Please let me know if you need further information or have any additional questions!

Best Answer

  1. You're likely better off modelling the residence time itself, not it's log transform, using a non-Gaussian family, but that could well be tricky if you do actually need the autocorrelation structure.

  2. You can't use the correlation with gam(); you can only use this with gamm(), FYI; gam() will silently ignore this argument if you provide it.

  3. There shouldn't really be a relationship between day_ and year_, their effects are unlikely to be similar; one is a within-year effect, the other a between-year effect.
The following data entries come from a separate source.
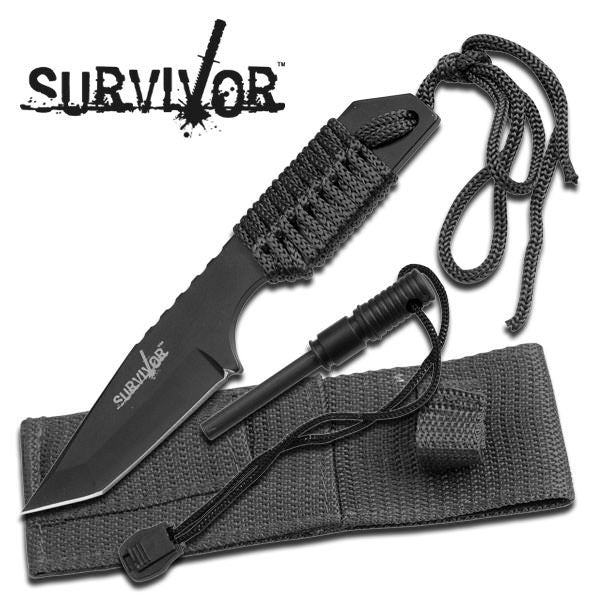 Black 7" Full Tang Tanto 4mm Blade Survival Knife with Sheath & Fire Starter - Tophatter's Guns'N'Weapons Store Collectible Weapons - Tophatter Daily Deals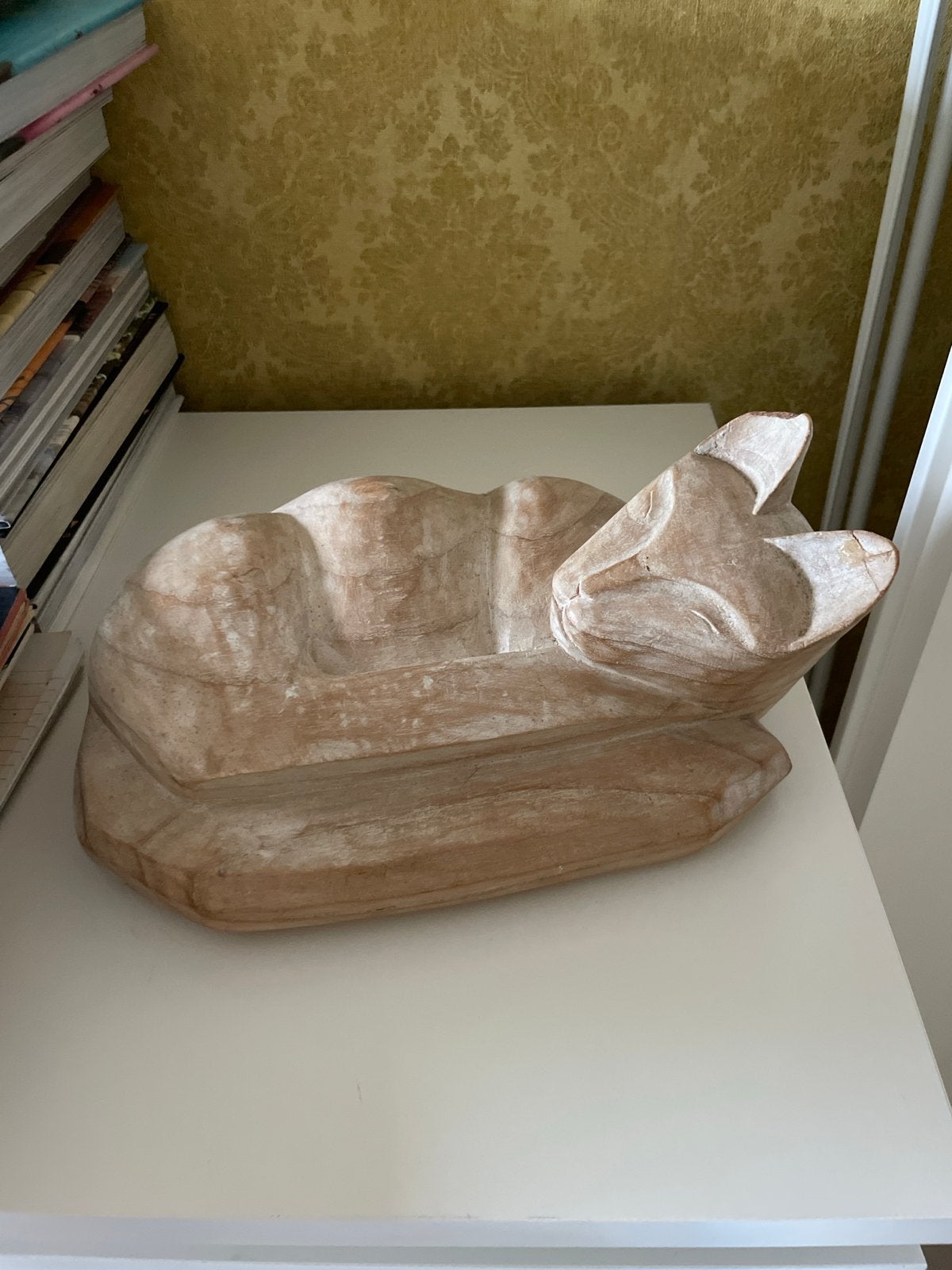 Houten kat decoratie - beschadigd oor, Huis en Inrichting, Woonaccessoires | Overige, Ophalen of Verzenden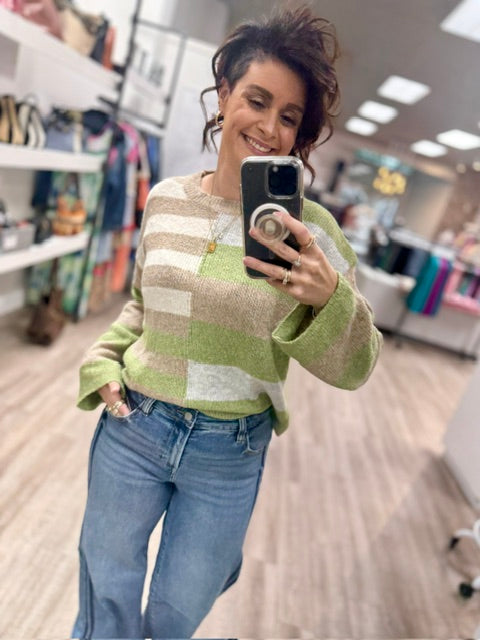The Mixed Signals Sweater in Green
There may be an interaction between these two variables, if say the seasonal pattern has changed over time due to say climate change. These variables are not dependent however.

  4. The correlation structure available via gamm() (provided by the nlme package) don't account for correlation or dependence among covariates. They account for un-modelled correlation among observations.

  5. The correlation structures available do not cover seasonal ARMA models, only ARMA models.

  6. corARMA(form = ~ 1|year_, p = 3) and corARMA(form = ~ day_ | year_), p = 3) should give the same results if the data are in time order within year_. Both will describe an AR(3) nested within year, using the same autocorrelation parameter $\rho$

  7. As mentioned in 4. you only need it if there is unmodelled temporal autocorrelation. With 40 df for the day_ term, you can model quite a complex seasonal effect so maybe you won't need the AR(3)? You might want to consider using te(day_, year_, ...) to allow the seasonal signal to vary with the trend, and then you might not need the autocorrelation.

  8. Whether you need the autocorrelation structure will depend on how wiggly you want the smooths of day_ and year_ to be; all else equal, you can model the autocorrelation with wiggly smooth functions and then you won't need the autocorrelation structure. But if you are trying to estimate the seasonal and between-year trends without this autocorrelation (so you want simpler, smoother functions) then it is likely that you'll need the autocorrelation structure if you have data recorded at sufficient time resolution to separate the larger scales of temporal variation (seasonal and long-term trend) from the short-scale variation of the autocorrelation.

  9. You can fit models with no AR(p), and AR(1), an AR(2), and then an AR(3) and use tools to select among these 4 models. I have some example code here showing how to do this (for models with AR(1) vs AR(2) for example): https://fromthebottomoftheheap.net/2016/03/25/additive-modeling-global-temperature-series-revisited/